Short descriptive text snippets

---

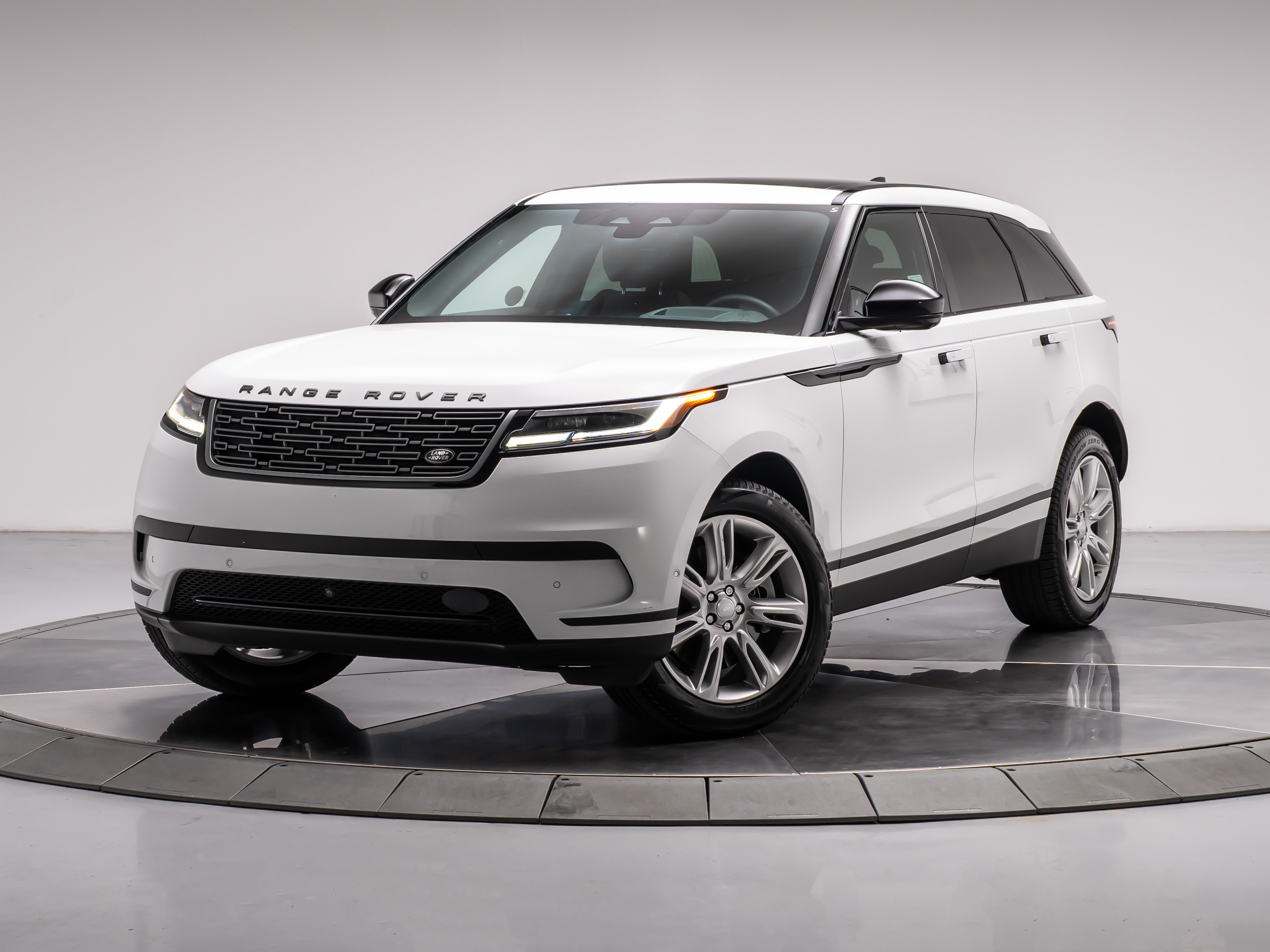 2026 Land Rover Range Rover Velar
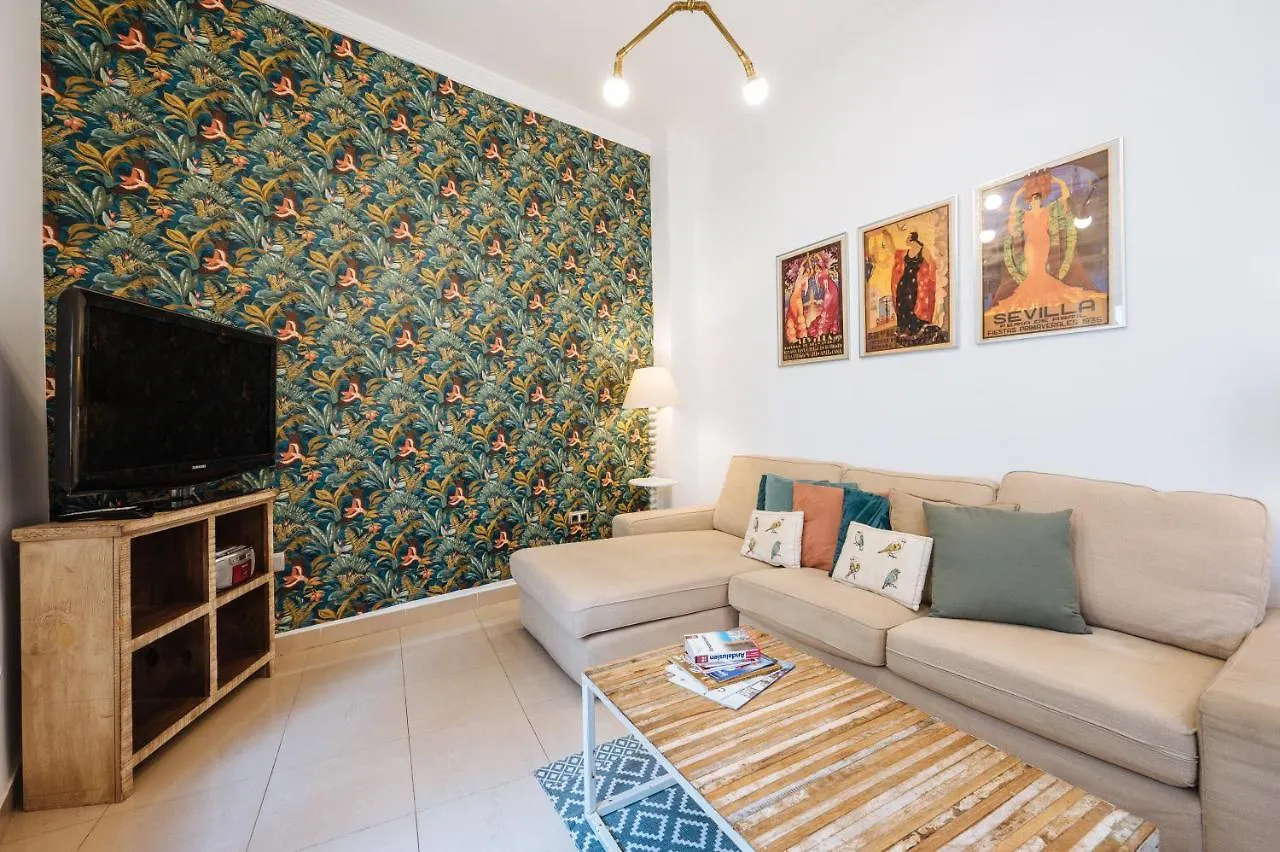 דירה Homeyseville-Amazing Penthouse Giralda Views 8 Pax, Parking Optional ספרד
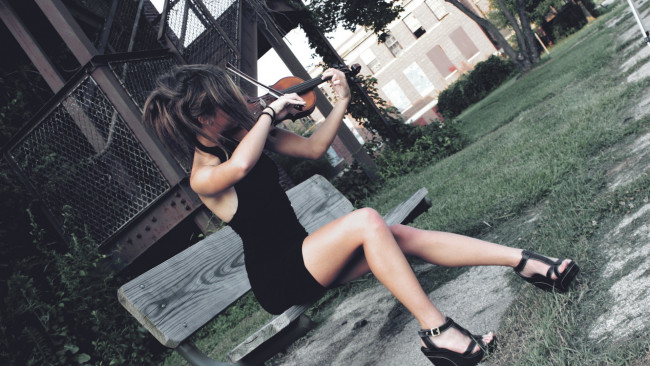 Обои картинки фото музыка, - другое, девушка, скрипка, скамейка, растения, улица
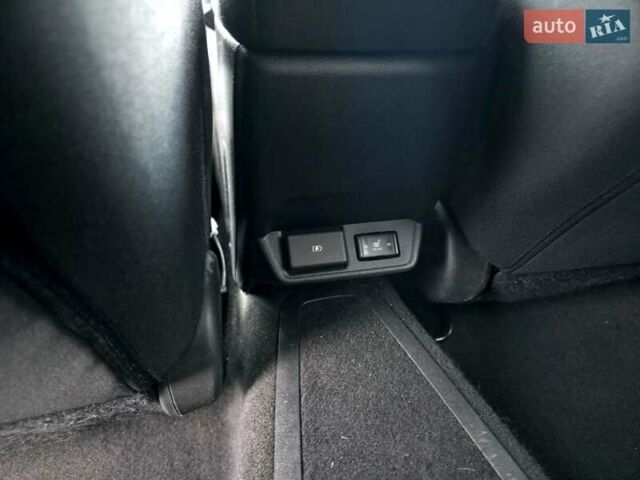 Синий Ниссан Лиф, объемом двигателя 0 л и пробегом 57 тыс. км за 14500 $, фото 8 на Automoto.ua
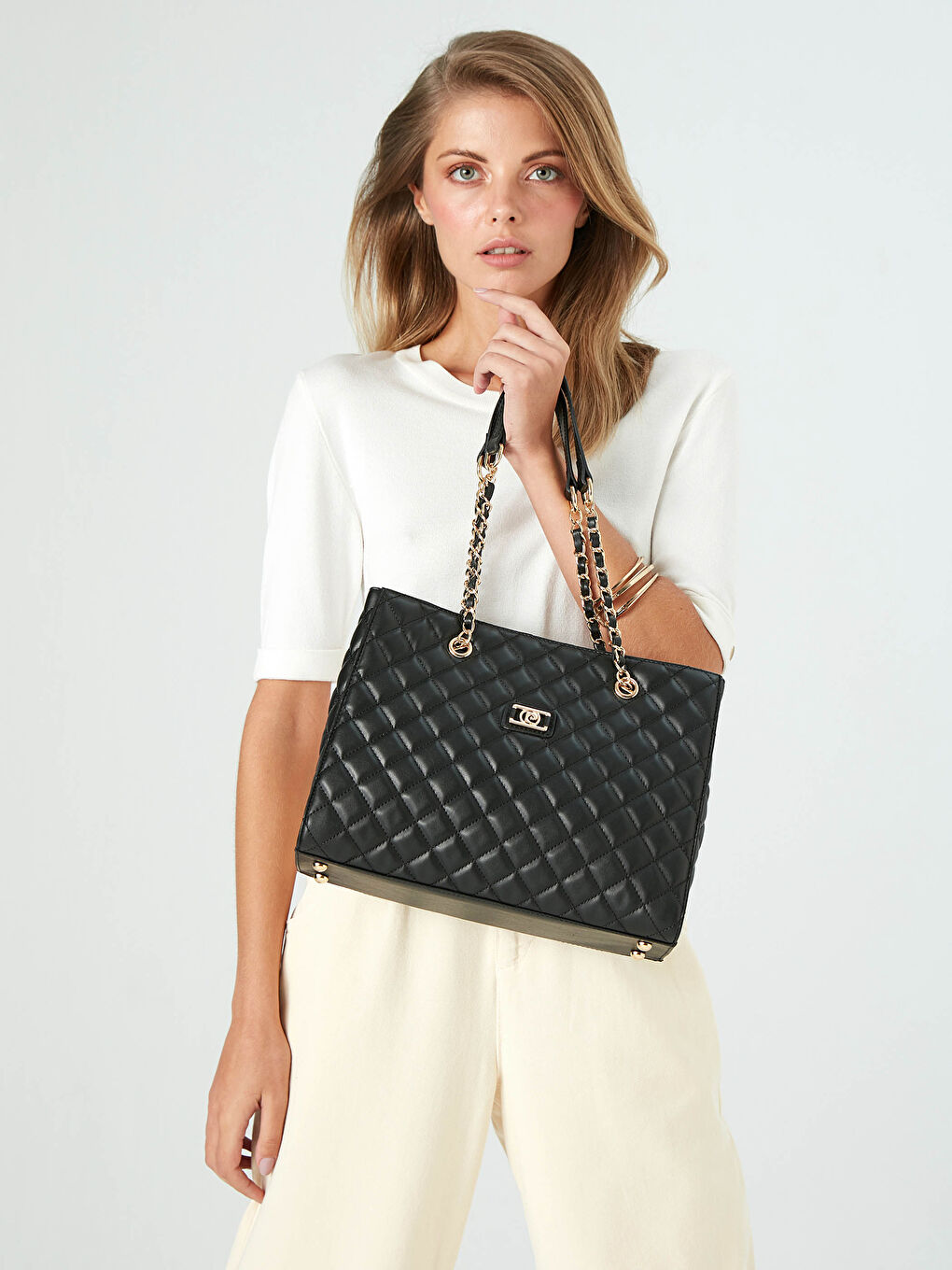 Siyah Omuz Çantası-1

---

WORK TASK. If pictures appear in the data, omit them and copy all other parts exactly.

SOLUTION.
 2026 Land Rover Range Rover Velar
 דירה Homeyseville-Amazing Penthouse Giralda Views 8 Pax, Parking Optional ספרד
 Обои картинки фото музыка, - другое, девушка, скрипка, скамейка, растения, улица
 Синий Ниссан Лиф, объемом двигателя 0 л и пробегом 57 тыс. км за 14500 $, фото 8 на Automoto.ua
 Siyah Omuz Çantası-1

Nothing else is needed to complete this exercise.